As always with Malick, I found myself lost in Knight of Cups in a beautiful way, and I was made a little less aware of the current time and space around me. There's no way in his pictures to really know where we are structurally in the story, and so our minds are free to wander and take in the beauty of each moment. We simply exist in the space of the movie, and that is a wonderful thing.

10. Hail, Caesar! (Joel and Ethan Coen)

I wasn’t sure what to put for #10. Should it be one of the films by two of my favorite directors – Clint Eastwood’s amazing, rock-solid Sully or Oliver Stone’s underappreciated Snowden? Or one of the two great films by Jeff Nichols (Midnight Special, Loving)? What about the funniest movie of the year, Shane Black’s The Nice Guys, or Andrea Arnold’s hypnotic American Honey?

I’m going with an early-year favorite – Hail, Caesar!, the latest parable from Joel and Ethan Coen. It’s at once a loving tribute to the Hollywood studio pictures of the 1950s and also a riotous takedown of the wobbly rules that keep the studio system in place.
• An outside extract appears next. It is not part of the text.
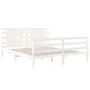 Solid white pine wood bed frame 150x200 cm by , Beds and slatted bases - Ref: Foro24-3104289, Price: 159,79 €, Discount: %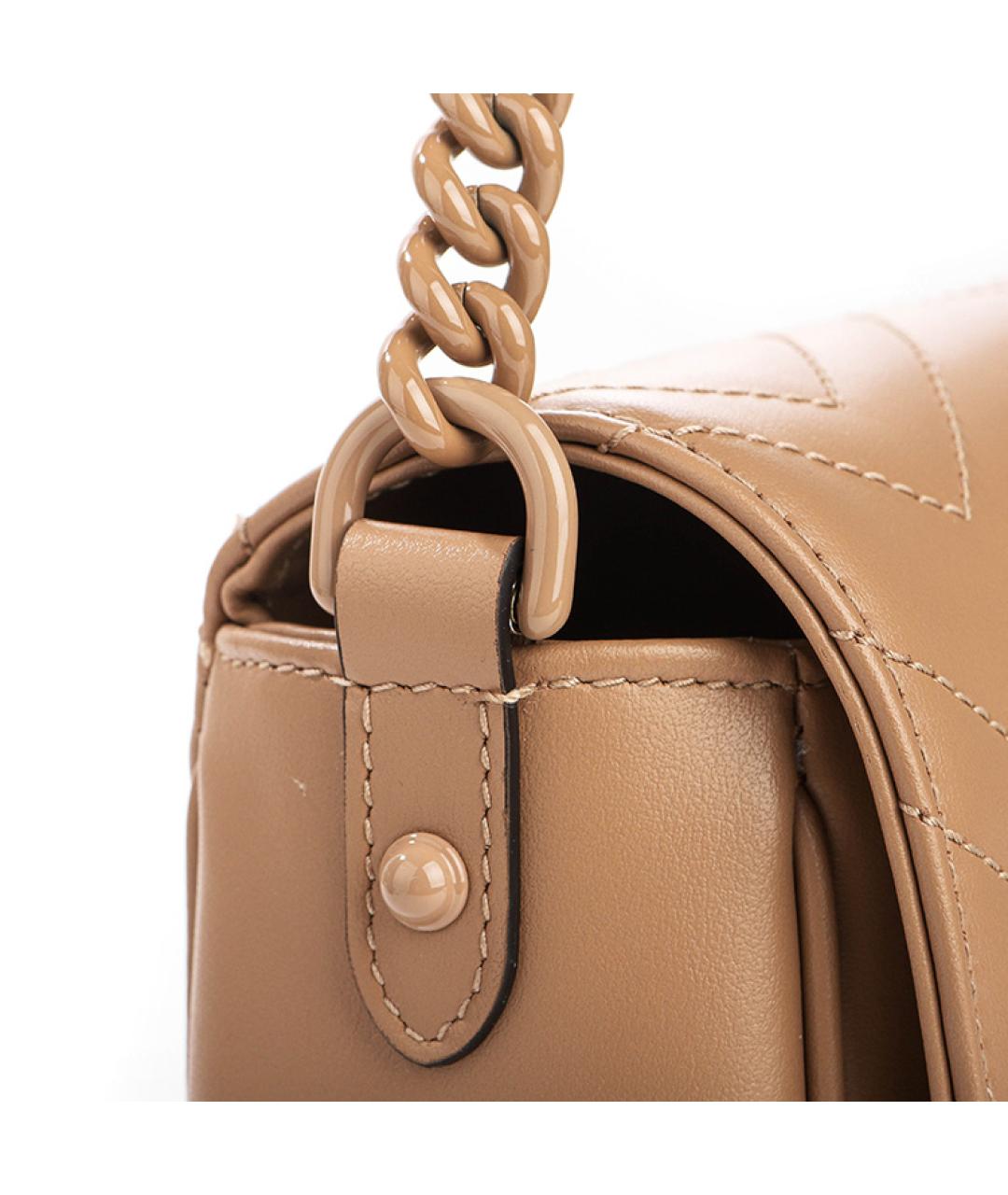 GUCCI Бежевая кожаная сумка через плечо, фото 6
And, as always with the Coens, it’s about much more. Josh Brolin, as studio head Eddie Mannix, seeks advice from a priest in the beginning and ending of the film. He’s morally conflicted about whether to take a new job with a large salary in the airline industry, or to stay at the studio and continue the more difficult job of managing out-of-line actors and overseeing the day-to-day business of moviemaking. But whether he likes it or not, there is a future coming his way that he can’t control, and one whose influence he can’t always slap out of his actors – or can he?

The Rest of the Best

11. Midnight Special (Jeff Nichols)
12. Snowden (Oliver Stone)
13. Sully (Clint Eastwood)
14. American Honey (Andrea Arnold)
15. The Nice Guys (Shane Black)
16. Swiss Army Man (Daniels)
17. Hacksaw Ridge (Mel Gibson)
18. Billy Lynn’s Long Halftime Walk (Ang Lee)
19. Weiner (Josh Kriegman, Elyse Steinberg)
20. Certain Women (Kelly Reichardt)
21. Allied (Robert Zemeckis)
22. The BFG (Steven Spielberg)
23. Café Society (Woody Allen)
24. The Neon Demon (Nicolas Winding Refn)
25. Wiener-Dog (Todd Solondz)
26. The Light Between Oceans (Derek Cianfrance)
27. Moonlight (Barry Jenkins)
28. Hunt for the Wilderpeople (Taika Waititi)
29. The Lobster (Yorgos Lanthimos)
30. Miss Sloane (John Madden)

Other Movies I Loved and Admired:

Elle (Paul Verhoeven)
Nocturnal Animals (Tom Ford)
Popstar: Never Stop Never Stopping (Akiva Schaffer, Jorma Taccone)
Rules Don’t Apply (Warren Beatty)
The Witch (Robert Eggers)
The Hollars (John Krasinski)
Green Room (Jeremy Saulnier)
Eye in the Sky (Gavin Hood)
Voyage of Time: The IMAX Experience (Terrence Malick)
The Birth of a Nation (Nate Parker)
A War (Tobias Lindholm)
Bleed for This (Ben Younger)
Jason Bourne (Paul Greengrass)
Triple 9 (John Hillcoat)
Sausage Party (Greg Tiernan, Conrad Vernon)
Elvis and Nixon (Liza Johnson)
The Girl on the Train (Tate Taylor)
Money Monster (Jodie Foster)
10 Cloverfield Lane (Dan Trachtenberg)
Maggie’s Plan (Rebecca Miller)
Rogue One: A Star Wars Story (Gareth Edwards)
Zootopia (Byron Howard, Rich Moore, Jared Bush)

Best Director

Winner: Martin Scorsese, Silence

Runners-Up: Kenneth Lonergan, Manchester by the Sea; Richard Linklater, Everybody Wants Some!!; Damien Chazelle, La La Land; David Mackenzie, Hell or High Water; Denzel Washington, Fences; Denis Villeneuve, Arrival

Best Actor

Winner: Casey Affleck, Manchester by the Sea

Runners-Up: Denzel Washington, Fences; Andrew Garfield, Silence and Hacksaw Ridge; Ryan Gosling, La La Land; Tom Hanks, Sully; Colin Farrell, The Lobster

Best Actress

Winner: Emma Stone, La La Land

Runners-Up: Natalie Portman, Jackie; Amy Adams, Arrival; Jessica Chastain, Miss Sloane; Isabelle Huppert, Elle; Emily Blunt, The Girl on the Train

Best Supporting Actor

Winner: Jeff Bridges, Hell or High Water

Runners-Up: Lucas Hedges, Manchester by the Sea; Liam Neeson, Silence; Peter Sarsgaard, Jackie; Ben Foster, Hell or High Water; Glen Powell, Everybody Wants Some!!; Michael Shannon, Nocturnal Animals

Best Supporting Actress

Winner: Viola Davis, Fences

Runners-Up: Michelle Williams, Manchester by the Sea and Certain Women; Lily Gladstone, Certain Women; Margo Martindale, The Hollars

Best Original Screenplay

Winner: Manchester by the Sea

Runners-Up: La La Land; Everybody Wants Some!!; Hell or High Water; Hail, Caesar!